Am I naive, or aren't people supposed to get smarter as they get older?
OK you can stop laughing now.
But really.. several things relating to this question are on my mind. First is an incident that happened at bowling today. My league is composed of thirty-two ladies ranging in age from early 40's to early 80's. We used to practically have the run of the place on Wednesday afternoons but this year they are full up and can't even allow us empty lanes adjacent to ours.
The etiquette in bowling leagues is, if someone is standing on the approach with their ball, preparing to bowl, you do not run up and throw your ball in the adjacent lane. This is what our neighbours were doing. If they had been casual bowlers, we wouldn't be surprised but they were league bowlers. Our president, (age 50) who happened to be on those lanes, asked them nicely to have some courtesy. They told her IN SO MANY WORDS, "fuck you", and in that unique Quebec way, added that they only speak French.
Were these unkempt rebellious teenagers? Noooooooo.. they were SENIORS, easily seventy-five years old.
We complained to the manager, who is an unkempt teenager (or looks like one) and he was supposed to speak to them but I doubt he did. Nothing more came of it but really, shouldn't they know better? Is that how they brought up their children? Perhaps it is..

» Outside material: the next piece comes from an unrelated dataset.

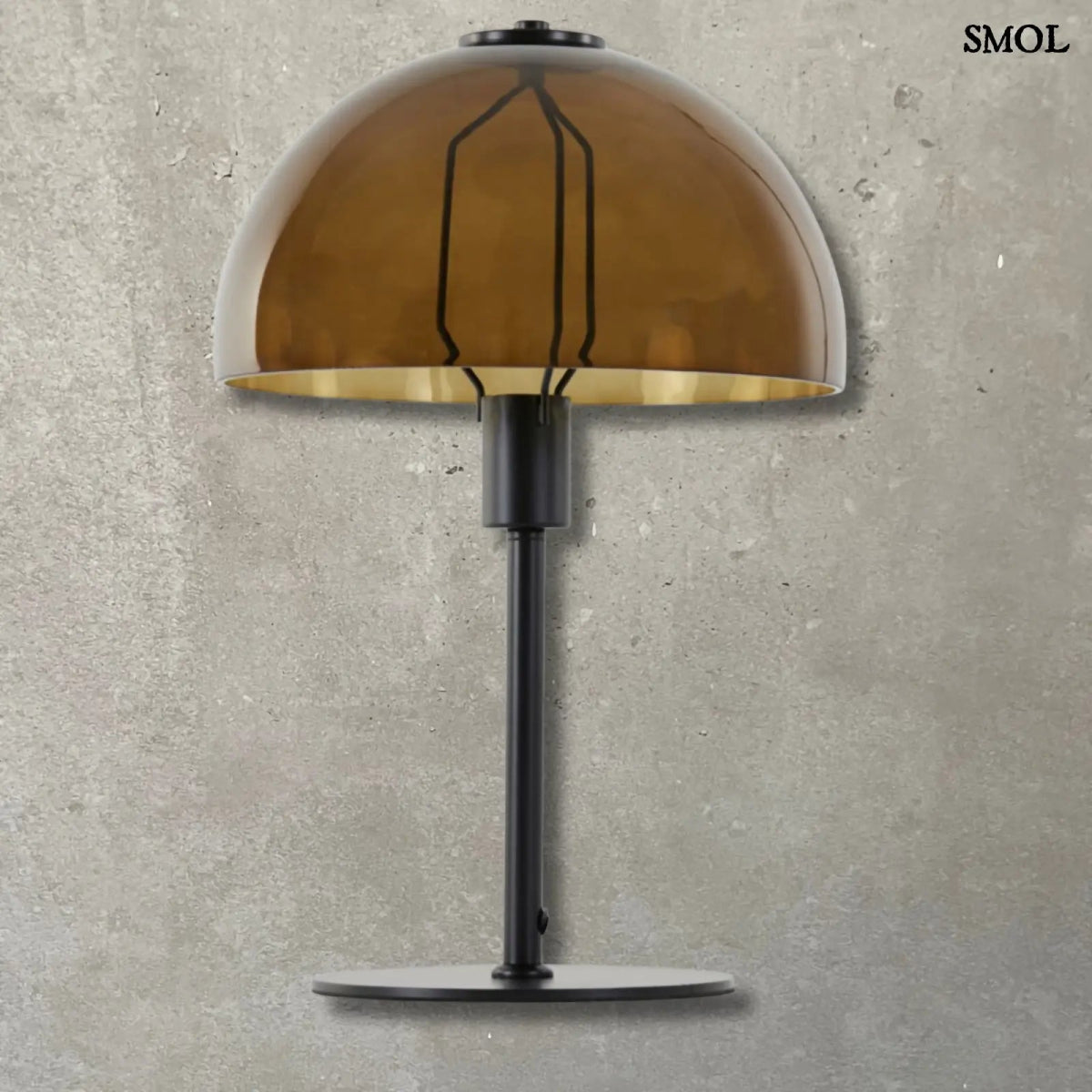 Modern Üvegbúrás Asztali Lámpa – barna| MELBA | SMOL - szürke háttérrel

The other thing on my mind is a story my step-mother recently told me about why she broke up a close friendship. She and my father had been inseparable with another elderly couple for several years. They live in the same apartment building and went to each other's doctor appointments, ate together, shopped together, and they even stayed at Dad's condo in Florida for vacation. Well, one day they all went shopping (Wal-Mart! Yes, we have Wal-Mart here!) and the men went off to do what men do (usually nothing) and my step-mother said, she turned around and her friend was gone! Just like that.
I was waiting for more of the story, but that was it. She asked me, "How would you feel?"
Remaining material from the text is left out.